Masked restaurant workers
Photograph: Shutterstock

Restaurants offering takeout or delivery should consider new measures for keeping employees safe from COVID-19, including temperature checks of workers who have had contact with a coronavirus victim, according to the Centers for Disease Control and Prevention (CDC).

The agency updated its recommended safeguards Wednesday for keeping employees of essential businesses from spreading or contracting the coronavirus. Restaurants that offer off-premise meals are usually classified as essential businesses under state and local stay-at-home directives.

For the first time, the CDC indicated that restaurateurs and other employers need not sideline any employee who has been exposed to someone diagnosed with COVID-19. Rather, the agency said, that person can work in a non-healthcare capacity, provided additional safeguards are adopted.

First on the list of those additional measures: taking an exposed worker’s temperature, ideally outside of the facility, before the worker enters to begin their shift.  

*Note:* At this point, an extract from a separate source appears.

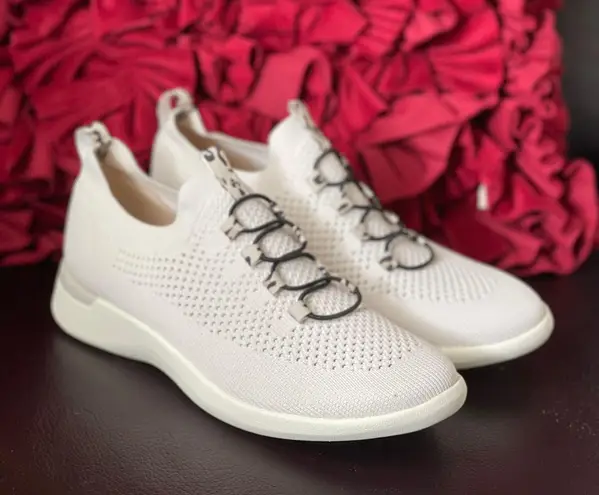 Life Stride Brand new women’s Accelerate sneaker size 6.5 BNWOX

Those employees should also wear a face mask while on the job for 14 days following exposure to someone who tested positive for COVID-19. Employers should either provide a suitable mask or set standards for what the employee may use to keep droplets of the coronavirus from being exhaled.

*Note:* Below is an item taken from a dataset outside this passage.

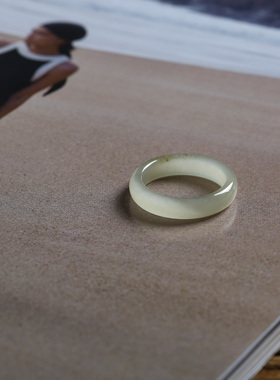 12号戒指 和田玉青白窄条泥鳅背素圈指环 2901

Not all of the recommended practices are addressed to workers who may have had contact with someone carrying the coronavirus. In general, the agency said, employers should:

  • Discourage the sharing of headsets, telephones or other devices that could catch exhaled coronavirus.
  • Develop a feasible way of having all employees where face masks while on the job.
  • Increase the frequency of cleaning common work surfaces, such as a restaurant counter.
  • Find ways of increasing ventilation in an enclosed area to improve air circulation.
  • Steer employees away from break rooms or other common areas when they take a break.